### Required work
The whole listing should be retyped word for word, apart from the pictures it holds.

### Entries supplied
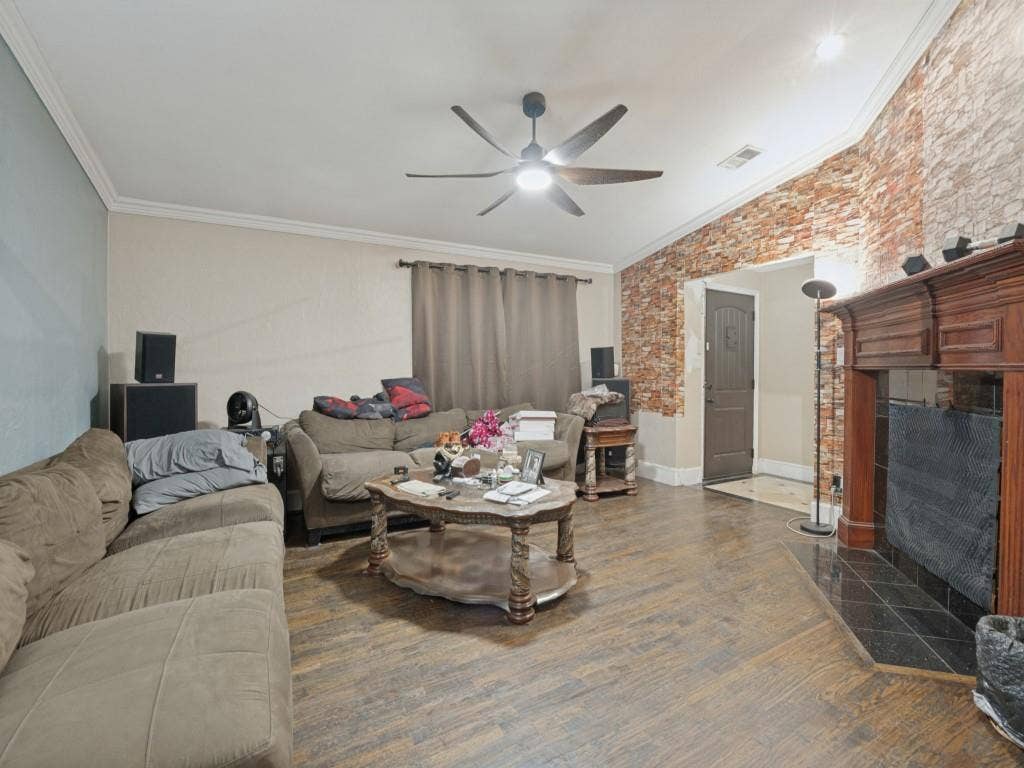 3218 Rose Hill Road, Carrollton, TX 75007 3218 Rose Hill Road, Carrollton, TX 75007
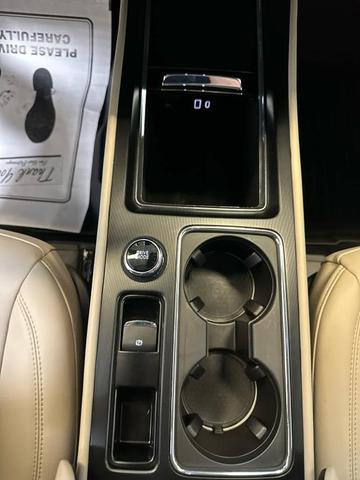 Photo of 2025 Metallic Lincoln Corsair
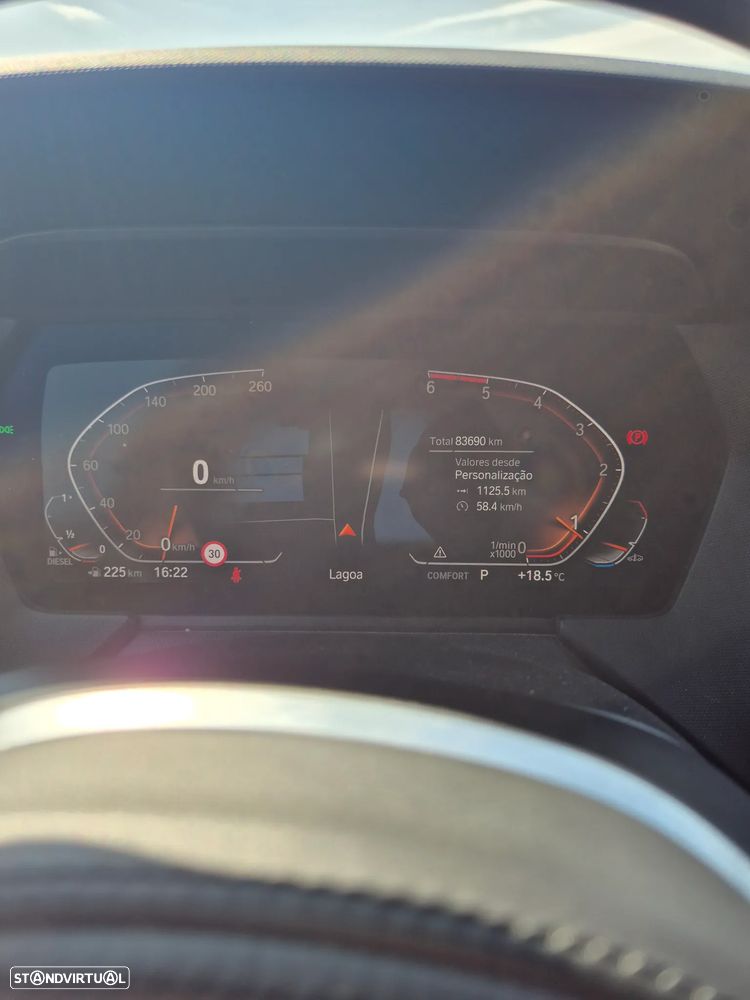 BMW 116 d Pack Desportivo M Auto - 10
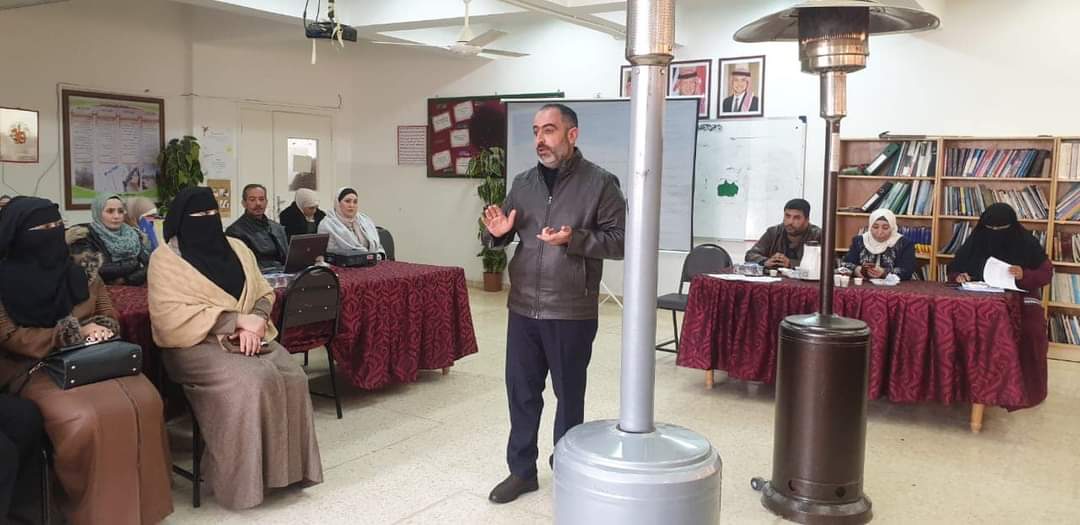 لجنة التوجيه المهني بتربية القصر ومجلس الأمهات يعقدان لقاء توعويا حول المسار المهني BTEC في مدرسة القصر الثانوية للبنات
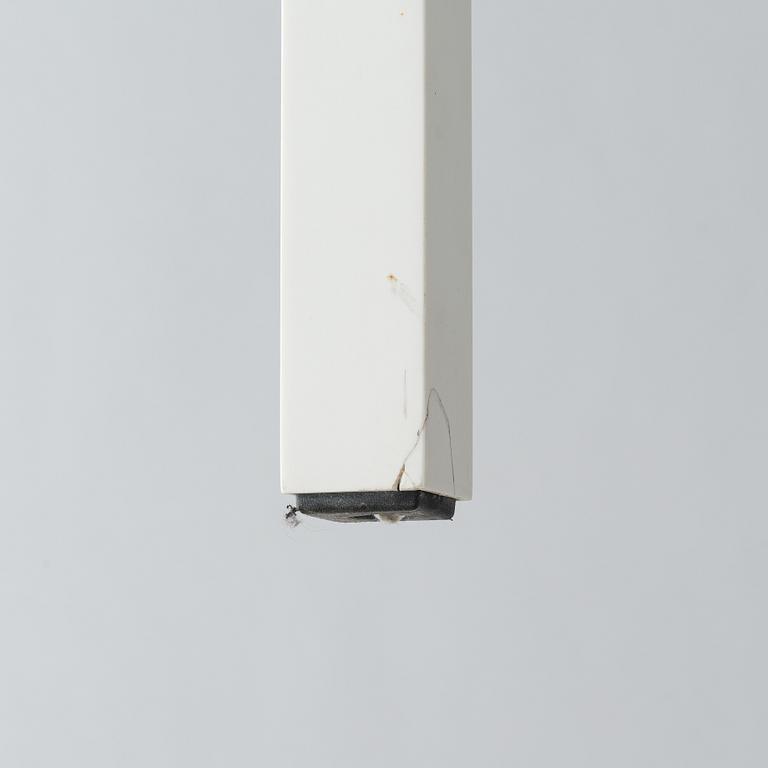 Piergiorgio och Michele Cazzaniga, bord, "Tense", MDF Italia, 2010-tal.
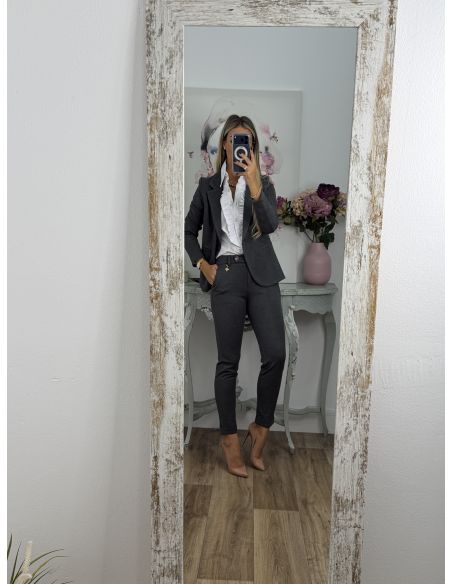 Traje chaqueta y pantalón pitillo gris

### Result of this exercise
 3218 Rose Hill Road, Carrollton, TX 75007 3218 Rose Hill Road, Carrollton, TX 75007
 Photo of 2025 Metallic Lincoln Corsair
 BMW 116 d Pack Desportivo M Auto - 10
 لجنة التوجيه المهني بتربية القصر ومجلس الأمهات يعقدان لقاء توعويا حول المسار المهني BTEC في مدرسة القصر الثانوية للبنات
 Piergiorgio och Michele Cazzaniga, bord, "Tense", MDF Italia, 2010-tal.
 Traje chaqueta y pantalón pitillo gris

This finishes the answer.